Keywords: Tags  imports, steel, flat rolled, steel traders, East Coast, Port of Houston, cold-rolled, catherine ngai

NEW YORK — The flat-rolled steel import sector continues to drag its feet as an oversupplied U.S. market and softening domestic prices make stateside sales unattractive, traders said, with some noting that the only place to make money moving forward may be in niche product imports.

While steel traders have enjoyed some periods of competitive sourcing this past year, such as the round of attractive Russian hot-rolled deals last spring and sales of competitive Chinese cold-rolled in the fall, attractive import deals in the U.S. steel market have effectively fizzled out.
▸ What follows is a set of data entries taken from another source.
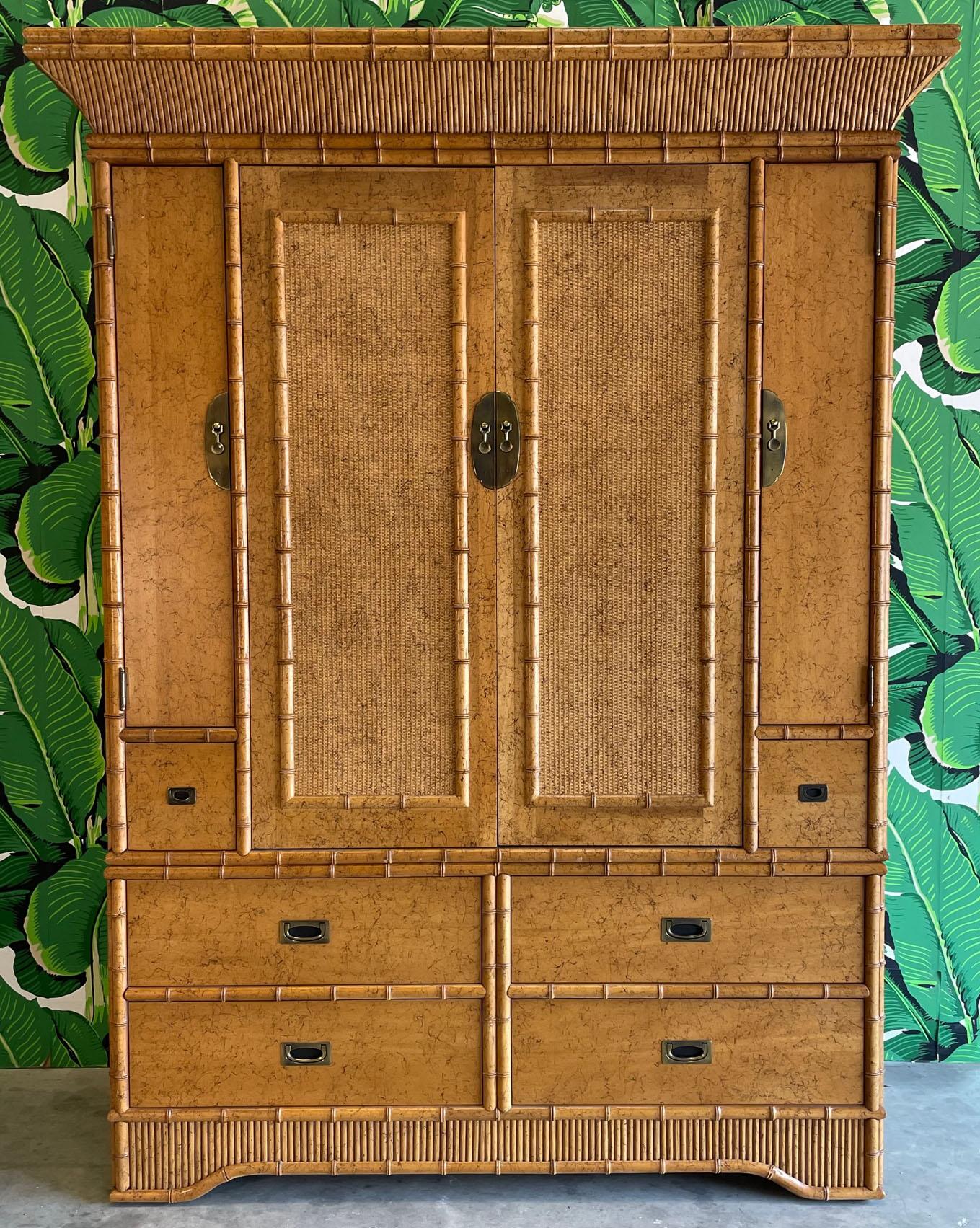 Large scale Asian inspired armoire designed by Miller Yee Fong for Ficks Reed. Features faux bamboo and cane detailing, brass hardware, and ample storage in four large drawers and hidden shelving. Very good condition with minor imperfections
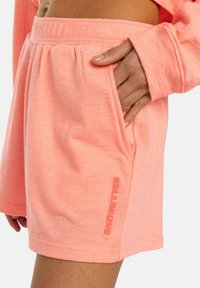 Lichte, getextureerde perzikkleurige shorts met een elastische tailleband, zijzakken en een logo-afdruk in een bijpassende tint aan de zijkant.
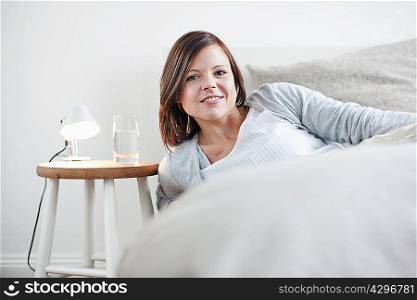 Woman sitting up in bed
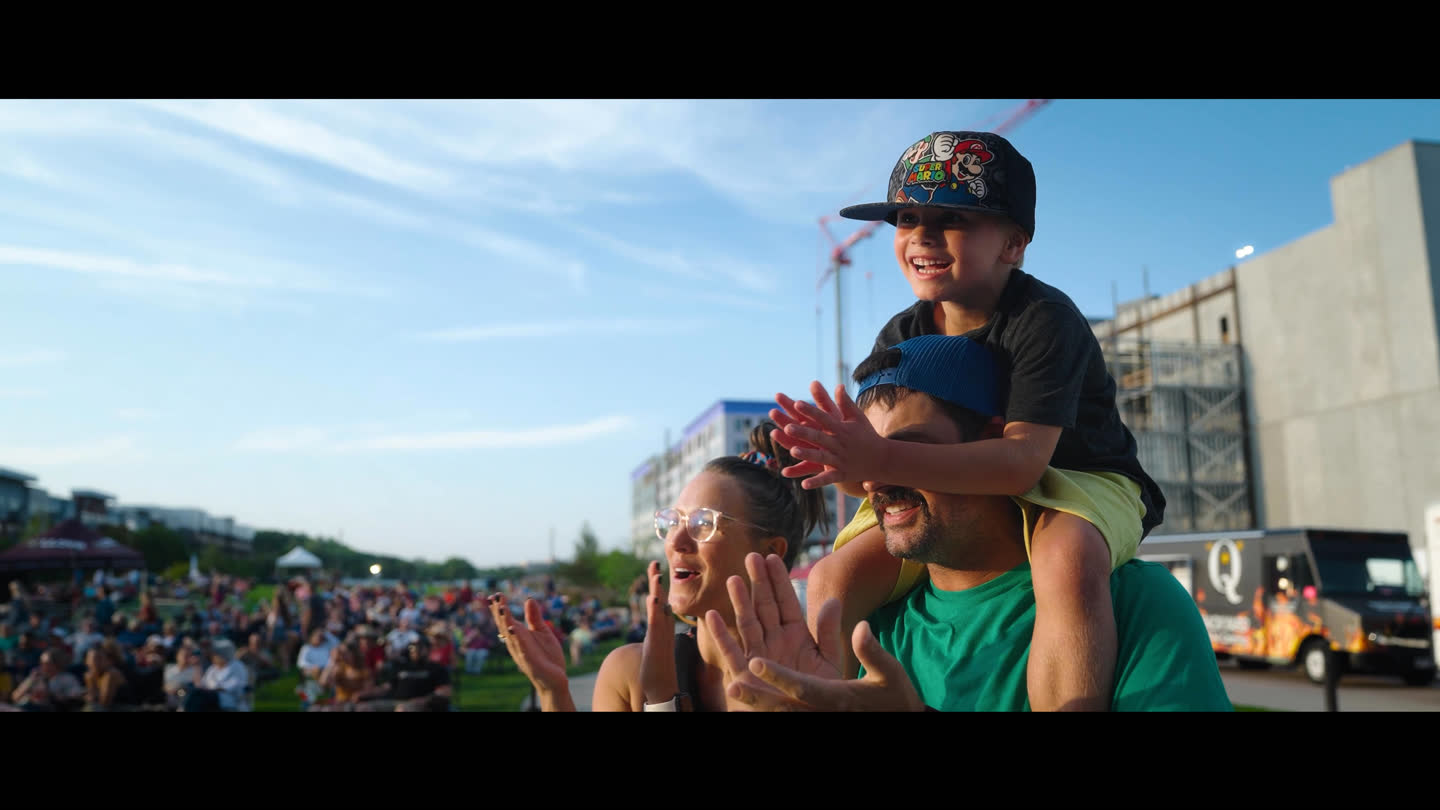 Film still: a smiling child on an adult’s shoulders in an outdoor event audience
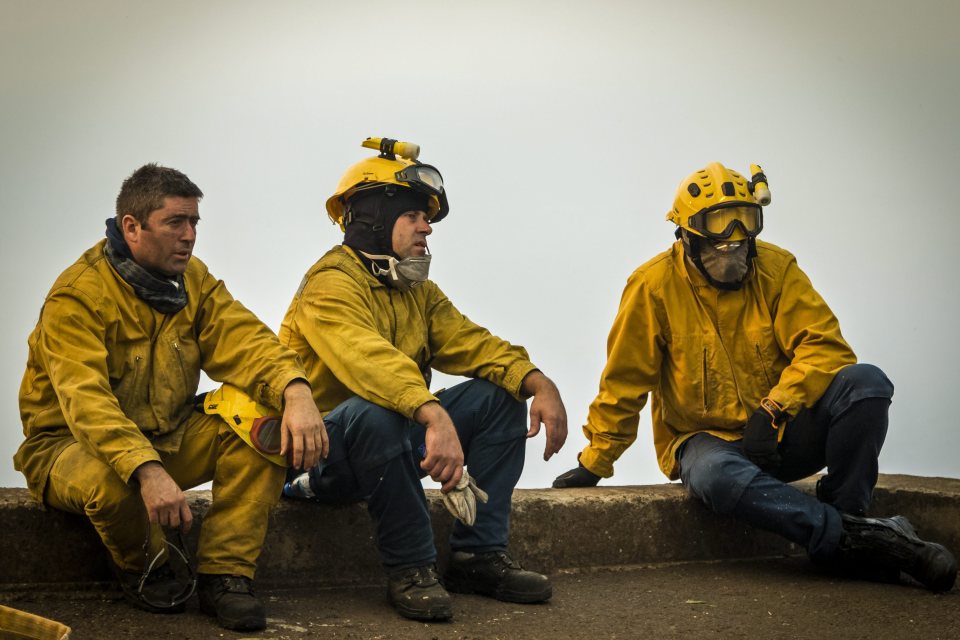 Exhausted firefighters were seen pausing for rest after battling the relentless flames throughout the night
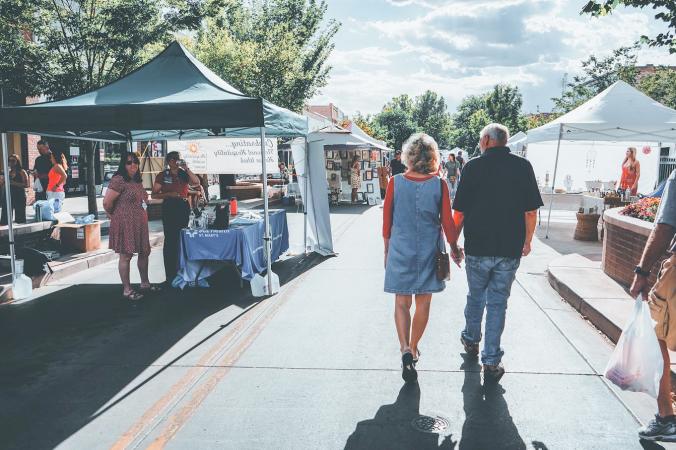 A Couple walking down Main Street for Market on Main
Behind the shift is a combination of steady but not robust U.S. steel demand, domestic oversupply, lower U.S. sheet prices and increased international prices, trader and buyer sources said.

In fact, sources said that many of the import offers in the first quarter were similarly priced or even slightly higher than U.S. prices, leaving many traders unable to make a margin on commodity-grade sales.
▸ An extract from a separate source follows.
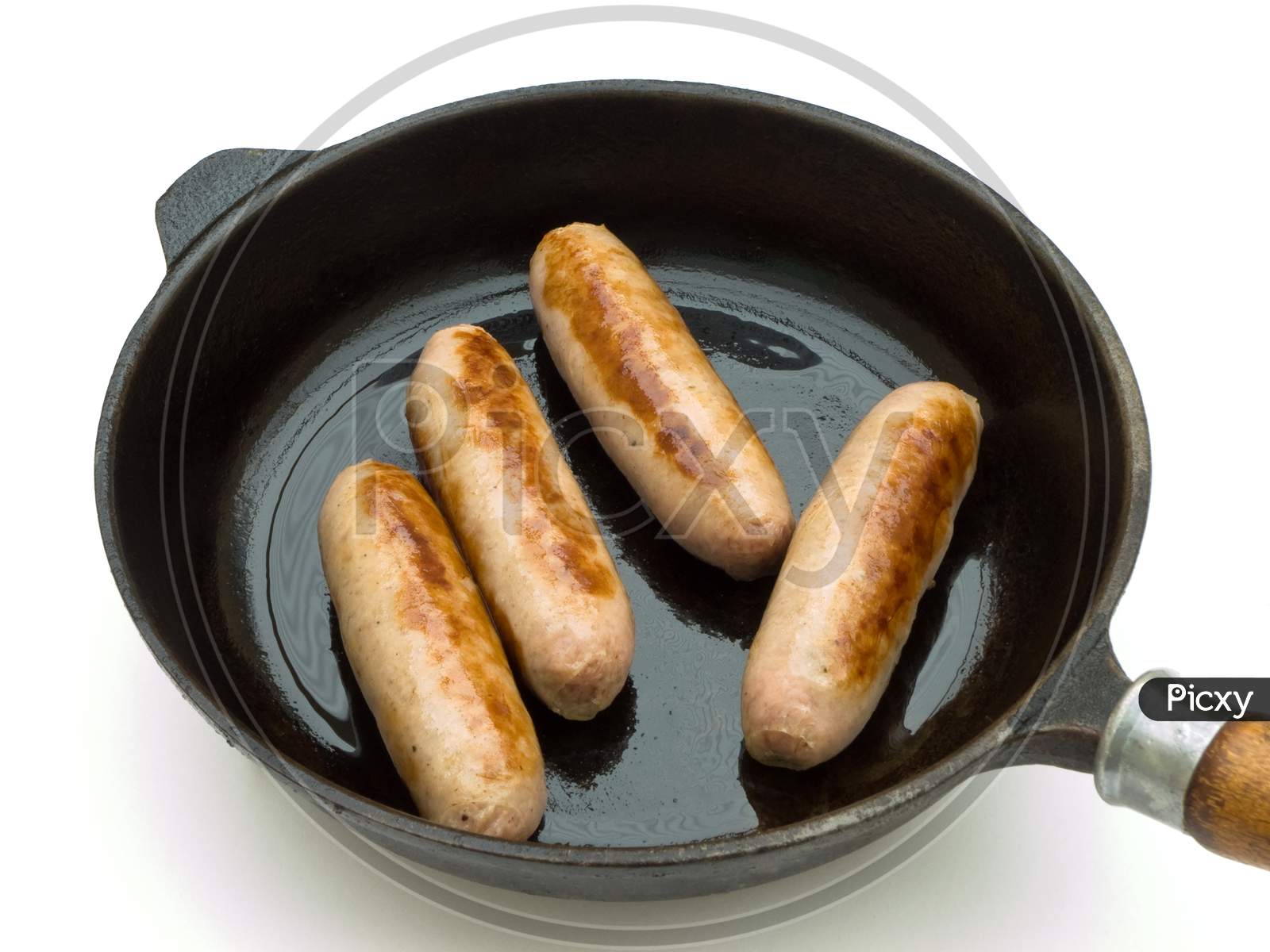 frying pan with four cooked sausages
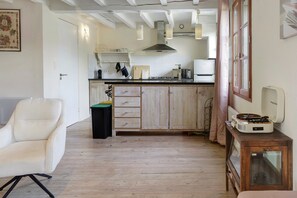 Een keuken met houten kastjes, een zwarte prullenbak en een vintage radio.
"If you’re going to buy (foreign), you need an incentive. With imports in the first quarter, you actually had to pay for a premium price. Why buy imports on such a long lead time when you have to pay more for it?" said one steel trader, noting that he’s now trying to target specialty steel product sales instead of commodity-grade material in order to find business.

"Imports on flat-rolled have now focused on business that domestic mills cannot and do not want to make," he said.
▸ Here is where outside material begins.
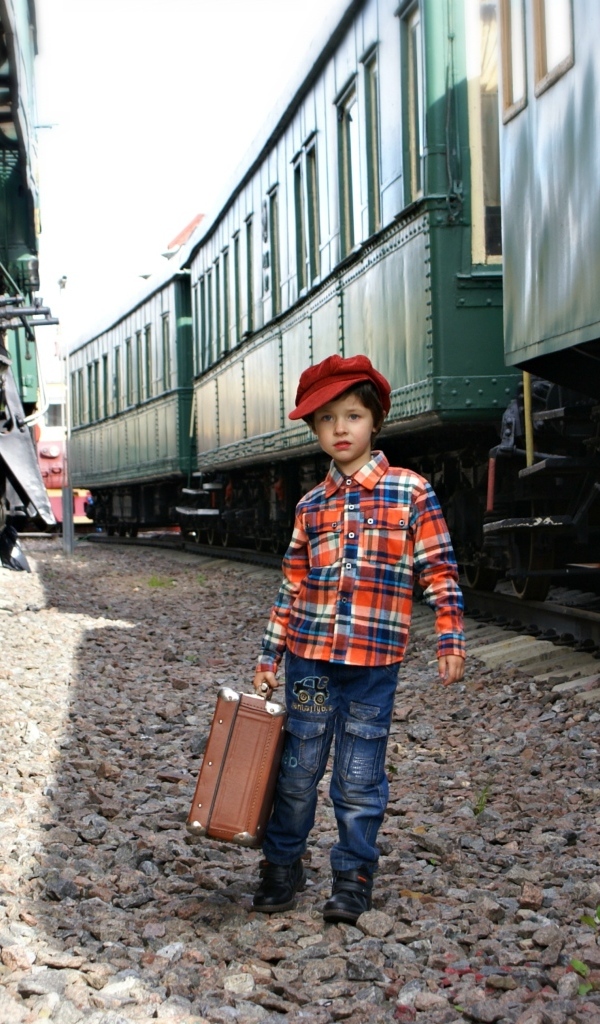 Маленький мальчик с чемоданом у вагонов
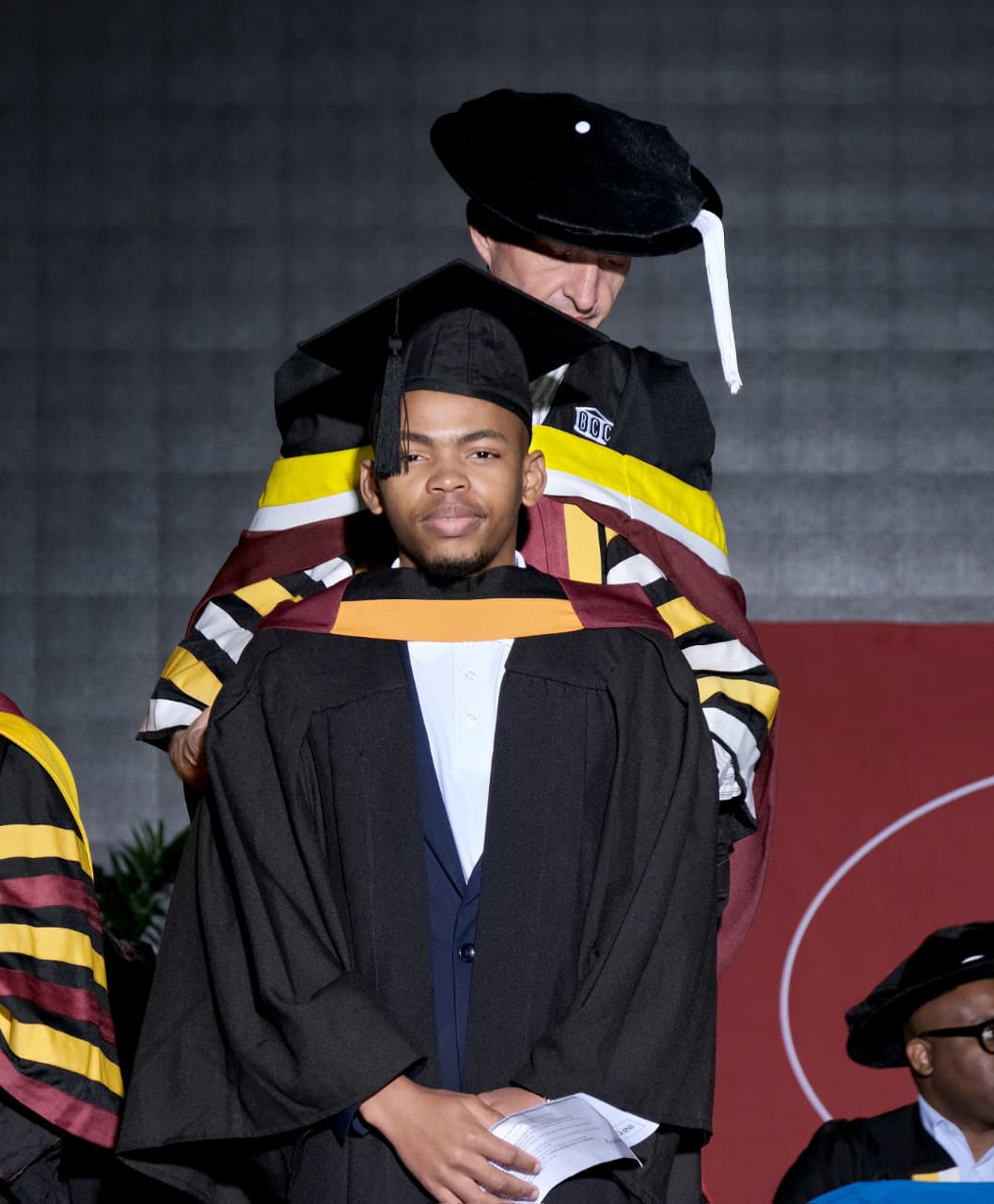 The official hooding ceremony on stage at Boston City Campus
U.S. offers of hot-rolled coil have been minimal in recent weeks, according to market sources, although offers are still coming out of Mexico, Russia and South Korea. Hot-rolled coil sales into the Port of Houston were reported at around $600 to $620 per ton c.i.f. this week, compared with domestic prices of around $605 per ton f.o.b. Midwest mill. At that differential, it doesn’t make much sense to buy foreign, sources said.

"(The hot-rolled coil import market) is dead," a second trader said. "There’s very little action for flat-rolled imports in this country. It’s a drop in the bucket. There’s no impetus, no zip in steel right now."

Cold-rolled coil imports were reported at around $680 to $720 per ton c.i.f. Houston in the past week vs. domestic prices of $705 per ton f.o.b. Midwest mill. Offers from Brazil, China and Mexico have not been overly competitive in the past few months, and sources claim that extra inventory booked in the fall is still available, particularly on the East Coast.

Meanwhile, buyers said they are still able to meet most of their commodity-grade demands with domestically produced steel, particularly in today’s well-supplied market. Market participants point out that the estimated 1.82 million net tons of raw steel produced in the United States last week is still too much, considering the state of the steel market.

Looking forward, traders said that one of two scenarios must happen—either mills increase prices or some capacity is taken offline—before a fundamental turnaround can happen in the import sector.

"I’m still of the opinion that this market is extremely fragile," a third trader said. "We need some kind of significant supply disruption to have a real short-term squeeze. Generally, the economy is getting better, but it doesn’t seem to translate into increased volumes or better prices."